Tampa Bay traded Evan Longoria to the Giants on Wednesday for Christian Arroyo, Denard Span, Matt Krook and Stephen Woods. The move upgrades the Giants’ third base position while muddling up the Rays’ infield depth chart.
For Longoria, his fantasy value barely moves. He goes from one pitcher-friendly park to another. Both Tropicana Field and AT&T Park suppress right-handed power, but AT&T does so to an even larger degree. The offenses on both teams are subpar. He’ll bat near the top of each lineup. Not a major fantasy change for the 32-year-old third baseman.
The concern is that Longoria’s talent has been declining for several seasons. Last year he hit .261 with only 20 home runs, his lowest total since he hit 17 dingers in an injury-shortened 2012. In fact, his 96 wRC+ in 2017 ranked bottom-three in baseball among qualifying third basemen. He’s not a difference-maker at third base, but he’s better than Pablo Sandoval and Christian Arroyo, who the Giants had lined up to play third.
As for the rest of the Giants team, the lineup will see a small jump in counting stats. Also, with Span on the move, the Giants need a center fielder. It was a position of need coming into the offseason, but now it’s front and center. It’s been reported that the Giants view prospect Steven Duggar as a long-term option in center field, but whether they’re ready to commit to him yet remains to be seen.
As for the Rays, their infield depth chart was already a mess, and now it’s even more confusing.
The Rays are set in the outfield with Steven Souza, Corey Dickerson, and Kevin Kiermaier, with Mallex Smith serving as the fourth outfielder. The light-hitting Span (.272 AVG with 12 HR and 12 SB in 2017) isn’t good enough to play center field anymore (that’s why the Giants got rid of him), but he doesn’t hit well enough for a corner spot, either. If the Rays are unable to flip him to another team, he’s likely headed to the end of the bench or will be released.

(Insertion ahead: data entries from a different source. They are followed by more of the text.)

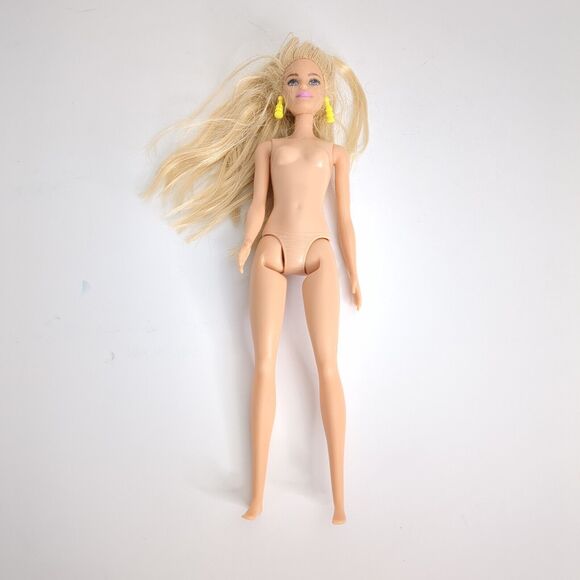 Lot of 10 Barbies and 2 Disney Dolls from 2010s & 2020s plus Homemade Clothes - Picture 3 of 14
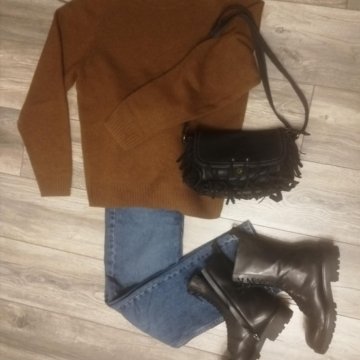 Чёрная сумка с бахромой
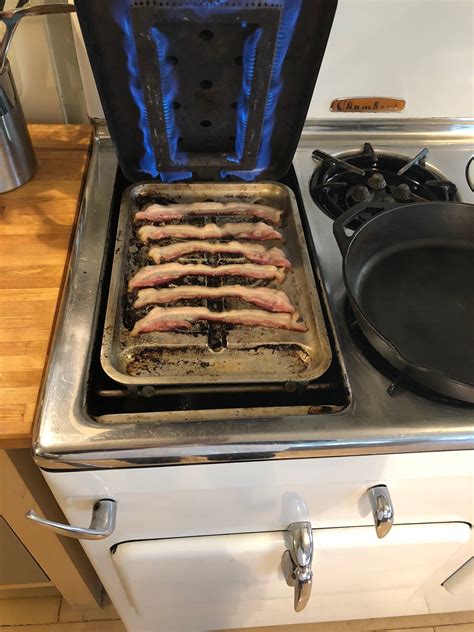 Living With A Vintage Chambers Stove Retro Stove Gas Works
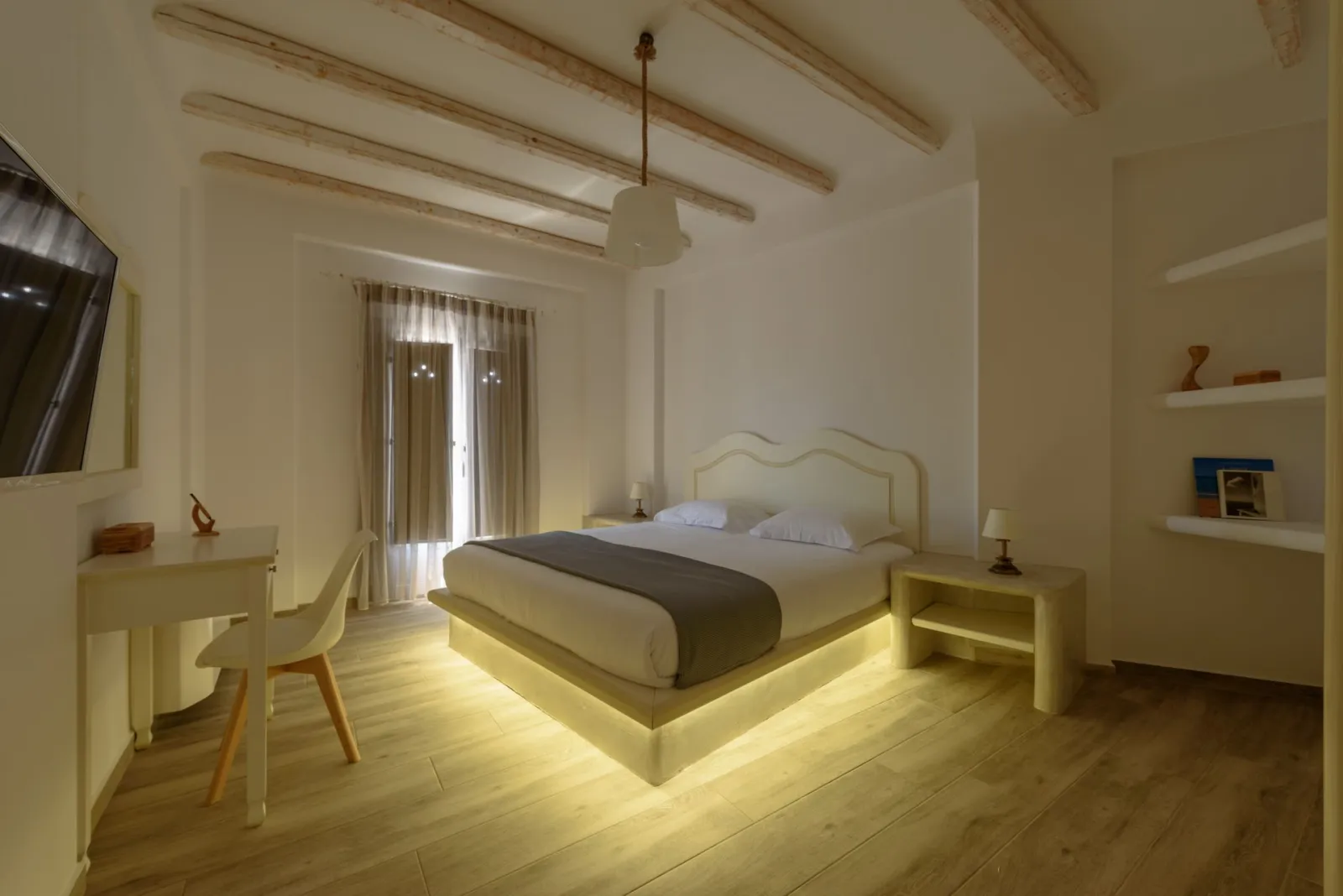 Symposio Jacuzzi Apartment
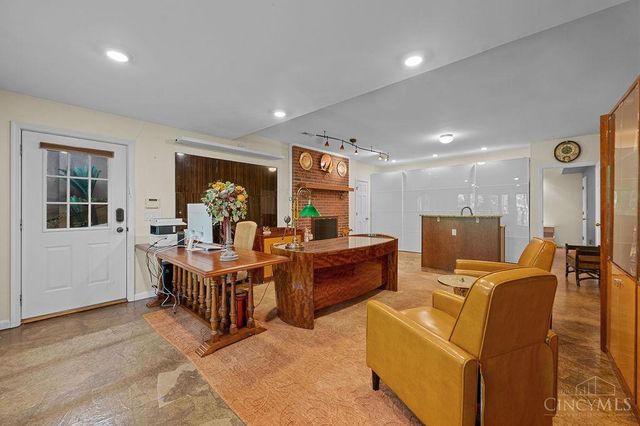 7883 Chestershire Drive, West Chester, OH 45241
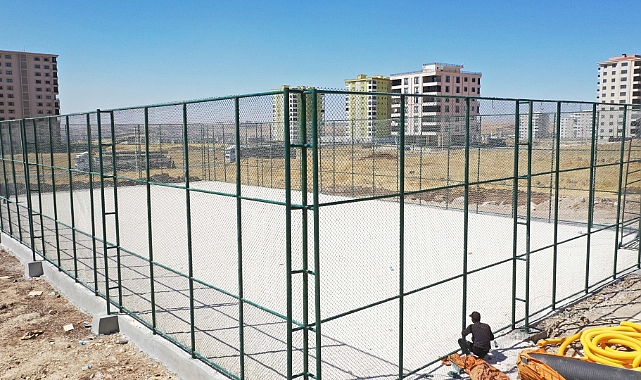 Batıkent'te gençler için sentetik çim saha kazandırılıyor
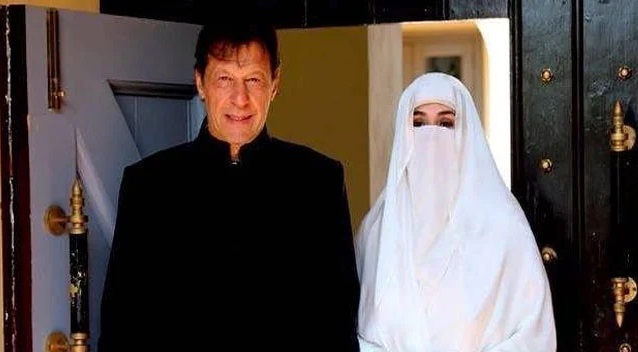 দুর্নীতি মামলায় ইমরান খানের ১৪ ও স্ত্রীর ৭ বছরের কারাদণ্ড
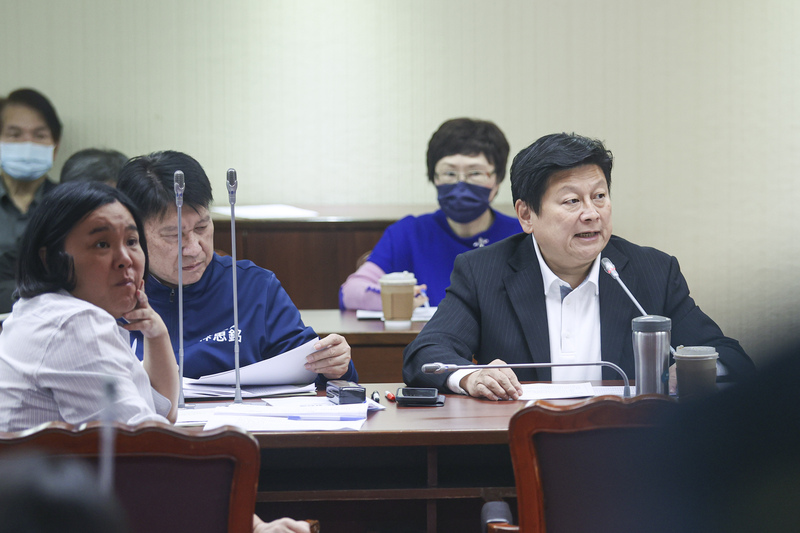 國民黨立院黨團總召傅崐萁（前右）表示，將於10日立法院會處理憲訴法覆議案。圖/中央社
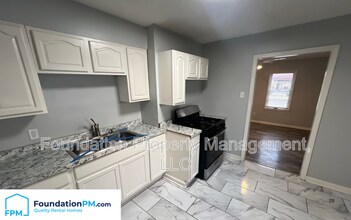 2067 Hubert Ave in Memphis, TN - Building Photo - Building Photo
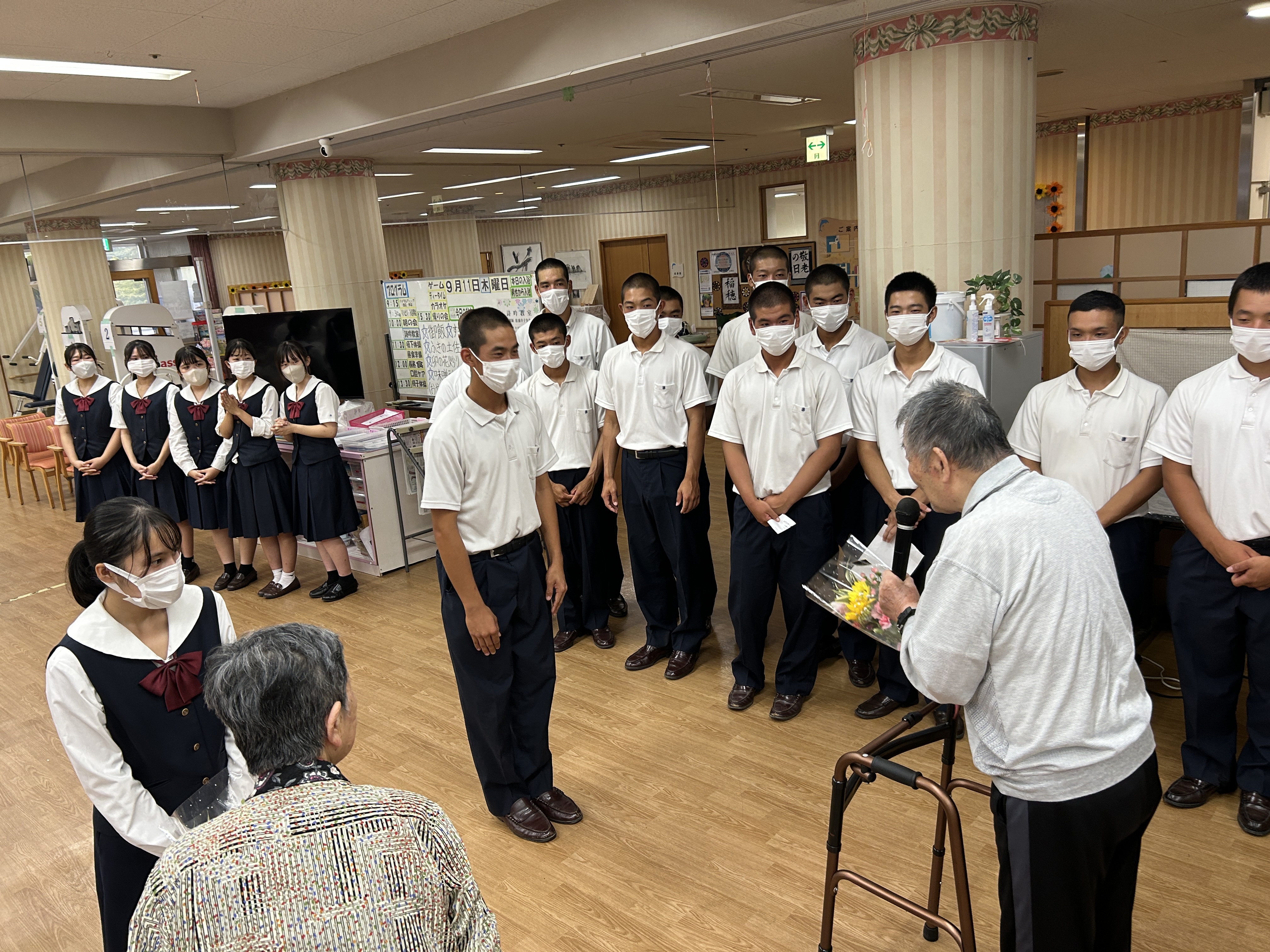 老人保健施設訪問(いるかの家)寄島町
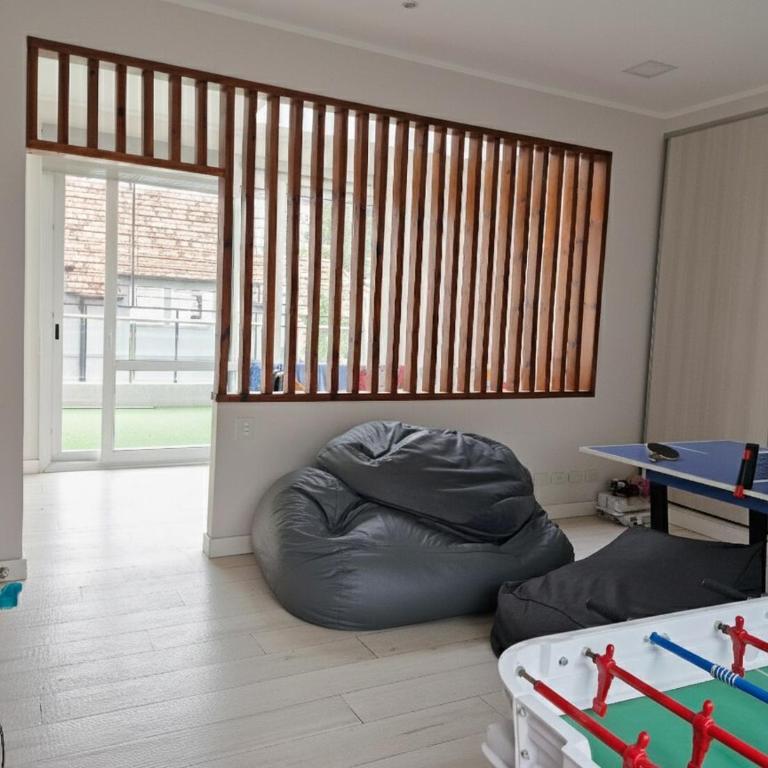 Casa moderna en barrio residencial de CABA - Casa de 4 dormitorios - 10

Arroyo struggled in the majors last season, hitting .192 with three homers in 135 plate appearances. While he was ranked as the top prospect in the Giants’ system by MLB.com, it’s a weak system, and he’s no future superstar. All of his value is in his Hit Tool (60 grade), though he hasn’t shown he can hit in the majors yet.
Arroyo joins former Giant Matt Duffy in a deep, but uninspiring Rays infield with Adeiny Hechavarria, Daniel Robertson, Willy Adames, Ryan Schimpf, Joey Wendle, and Brad Miller. Of the group, only Miller is projected with a wOBA over .300 (.323 according to Steamer projections). The Rays seem to be going with the splatter approach and hope a couple of guys become productive hitters.
With a gun to my head, I’d guess Robertson at second, Hechavarria at short, and Arroyo at third, with Miller at DH. I’m likely wrong, though. Fantasy owners are going to have to see how the situation shakes out in spring training, or with the Rays’ future moves.
The final pieces, pitching prospects Krook and Woods, are non-fantasy factors for 2018 and probably beyond. According to MLB.com, Krook ranked No. 25 in a weak Giants farm system, with Woods ranking No. 29. Neither one has pitched above Single-A.